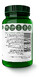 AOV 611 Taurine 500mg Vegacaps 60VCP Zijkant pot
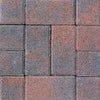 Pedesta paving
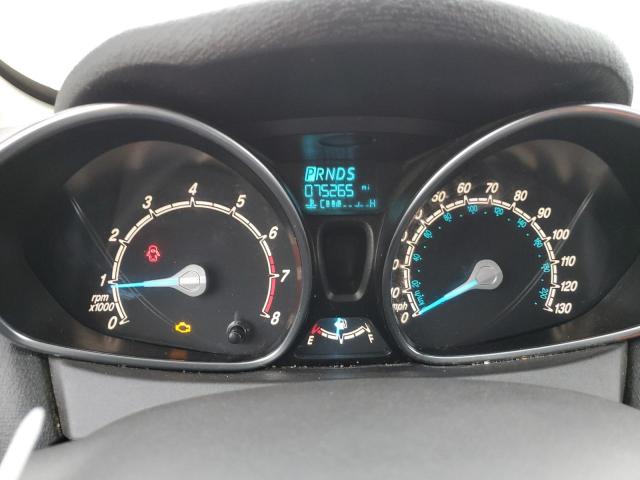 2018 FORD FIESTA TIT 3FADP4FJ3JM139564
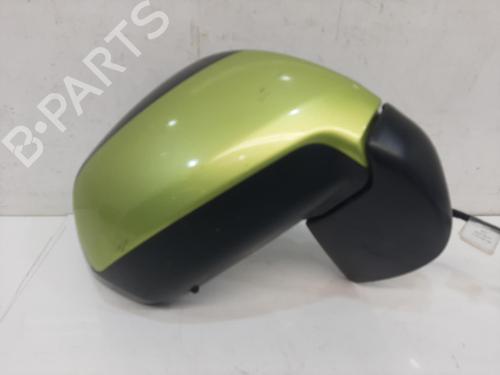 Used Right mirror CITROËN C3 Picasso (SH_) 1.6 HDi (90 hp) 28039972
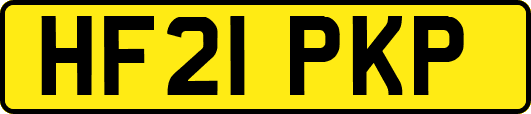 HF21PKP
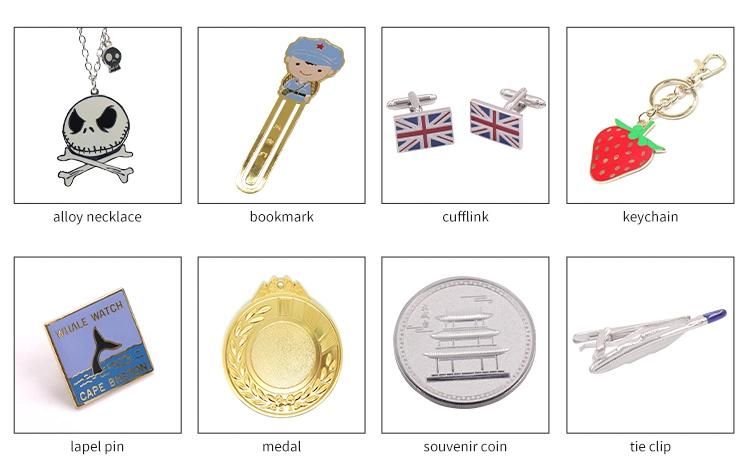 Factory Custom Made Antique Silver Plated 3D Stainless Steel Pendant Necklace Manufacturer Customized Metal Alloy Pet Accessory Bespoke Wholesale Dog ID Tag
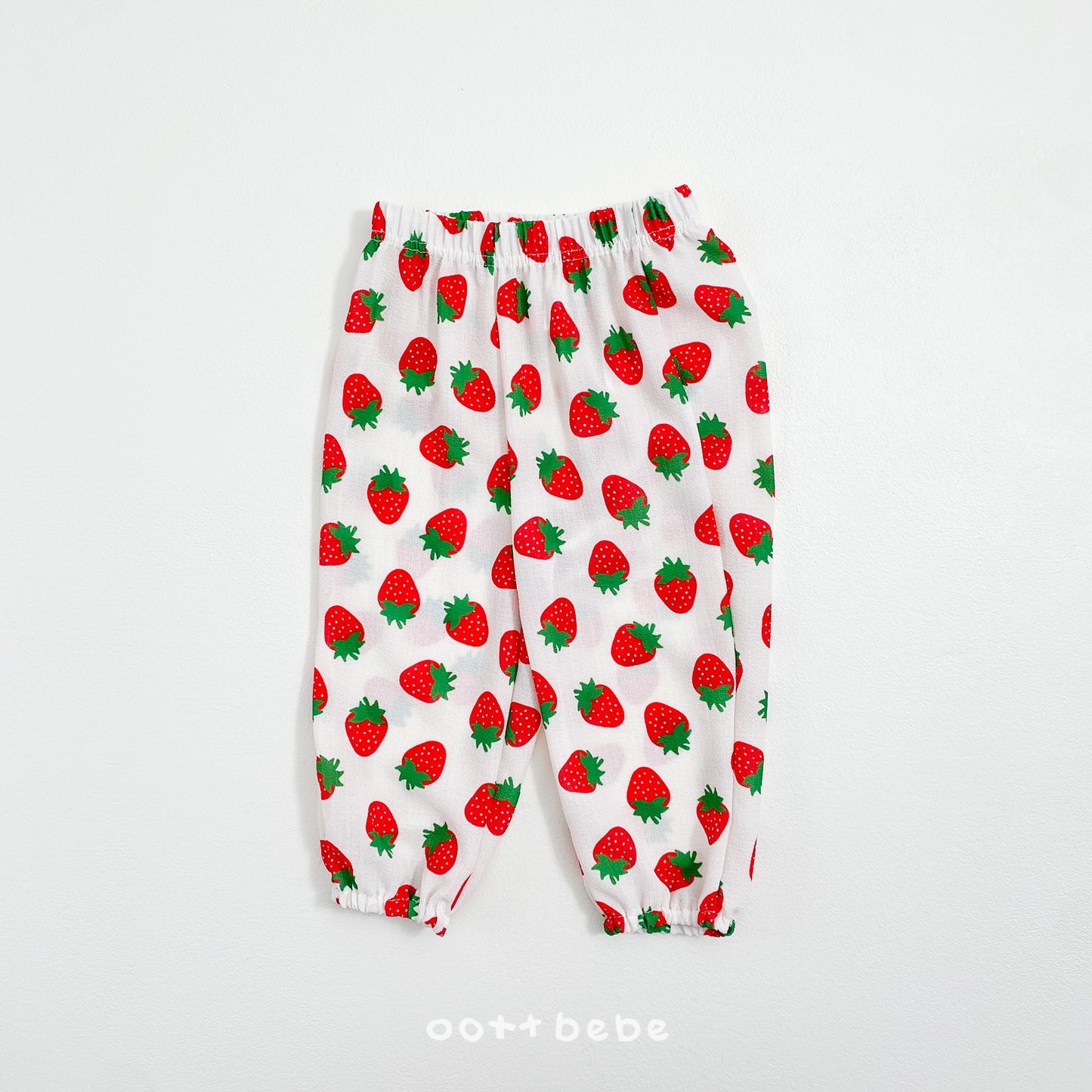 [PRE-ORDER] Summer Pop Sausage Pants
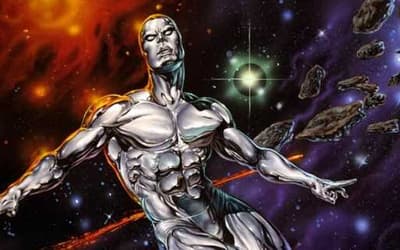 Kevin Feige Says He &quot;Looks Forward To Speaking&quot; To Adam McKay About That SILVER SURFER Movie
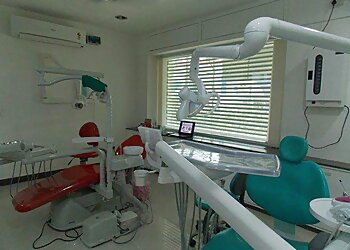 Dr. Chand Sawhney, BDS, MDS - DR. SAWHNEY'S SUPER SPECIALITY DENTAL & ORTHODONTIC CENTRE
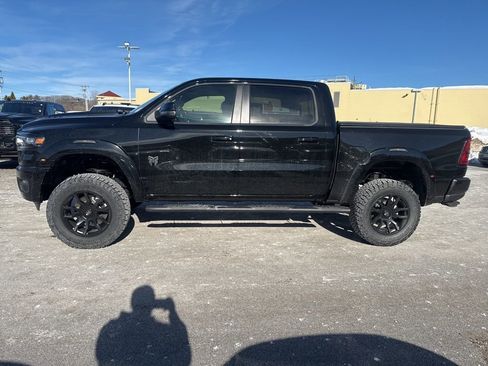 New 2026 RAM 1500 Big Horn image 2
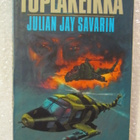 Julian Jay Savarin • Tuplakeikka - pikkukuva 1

::::

▸ **Requirement**
The output consists of exactly the lines from the one containing "New 2026 RAM 1500 Big Horn image 2" through the last line of the listing, both included, with no pictures.

▸ **Solution to this problem**
 New 2026 RAM 1500 Big Horn image 2
 Julian Jay Savarin • Tuplakeikka - pikkukuva 1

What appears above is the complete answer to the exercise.